Sem piedade
A prosa afiada de Camilla Canuto
Publicado em 07 de fevereiro de 2023
Por Jornal Do Dia Se
Rian Santos
riansantos@jornaldodiase.com.br
Via de regra, não leio mulheres. Não dou atenção, em geral, a escritores vivos. As minhas preferências literárias recaem quase sempre sobre autores consagrados pela História, merecedores de vasta fortuna crítica, como o raio atraído pela copa das árvores mais altas, tronco imenso, árvores seculares.

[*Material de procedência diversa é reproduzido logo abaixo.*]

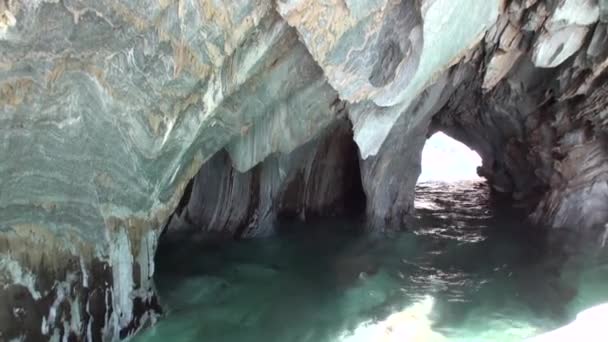 Cave cliff General Carrera w góry w Patagonii Argentyna Lago Buenos Aires. — Wideo stockowe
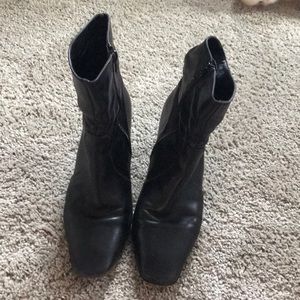 Italian black leather booties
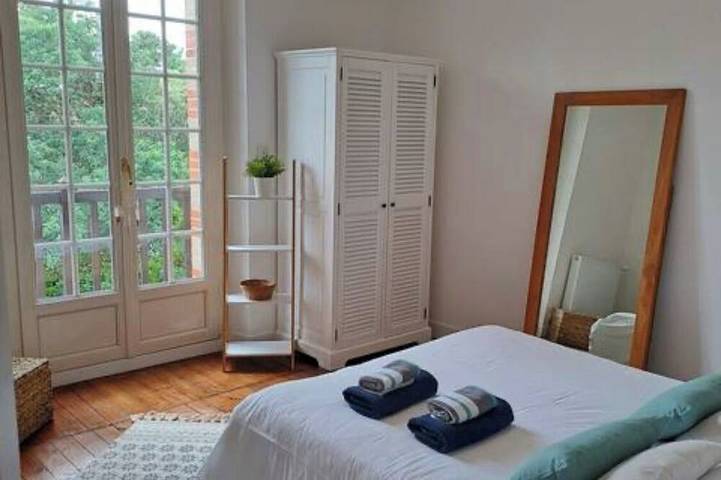 Location de vacances pour 11 personnes, avec piscine dans Mindin - 4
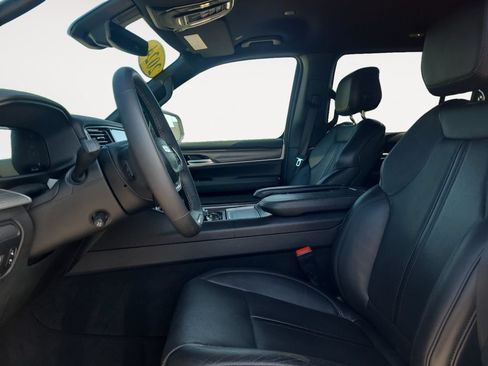 Used 2024 Jeep Wagoneer Series II w/ Flexible Seating Group RWD image 9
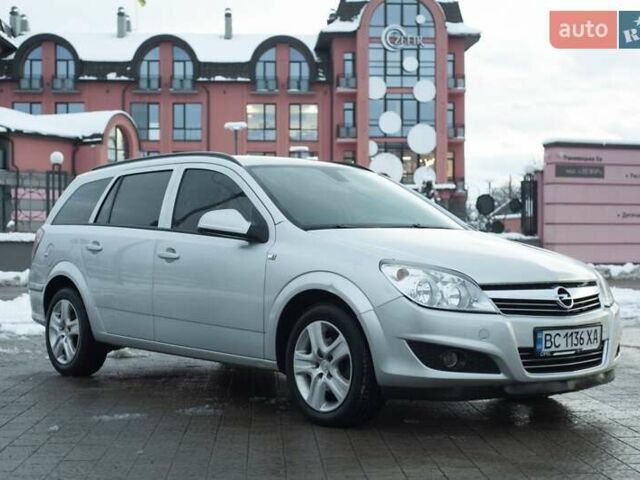 Сірий Опель Астра, об'ємом двигуна 1.7 л та пробігом 220 тис. км за 5600 $, фото 2 на Automoto.ua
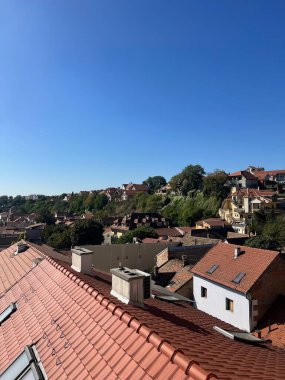 Kilise ve binaların çatısı. Zemun bölgesi, Belgrad, Sırbistan, Avrupa. Yüksek kalite pho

Não passei incólume, entretanto, pela prosa afiada de Camilla Canuto. O seu nome confraterniza com assinaturas cobertas de verniz e petulância na prateleira sensível de meus heróis literários. É assim há tempos, desde quando li um conto submetido por ela a uma banca de pareceristas reunidos pela Funcaju. Guardei o nome para mim, até agora.
‘Há uma lápide com o seu nome’, o primeiro livro de Camilla, realiza muito em poucas páginas. Numa sala de espelhos familiar, gerações de mulheres traídas por si mesmas e pelas circunstâncias tacanhas dos costumes ainda em voga se miram e se julgam. Os dedos apontados por umas e outras as acompanha até o caixão.
Cruel como somente os grandes escritores podem ser, Camilla é implacável com seus personagens, homens e mulheres, narra como um tirano, sem conivência, piedade, sem um pingo de empatia ante as mesquinharias das relações sociais. E, assim, leva o seu trabalho até as últimas consequências.
Não tenho vocação para levantar bandeiras, cínico por natureza e exercício do arbítrio. O leitor leia mulheres, se quiser, por sua própria conta, portanto. Antes de todas, no entanto, leia Camilla Canuto. A dica é de graça.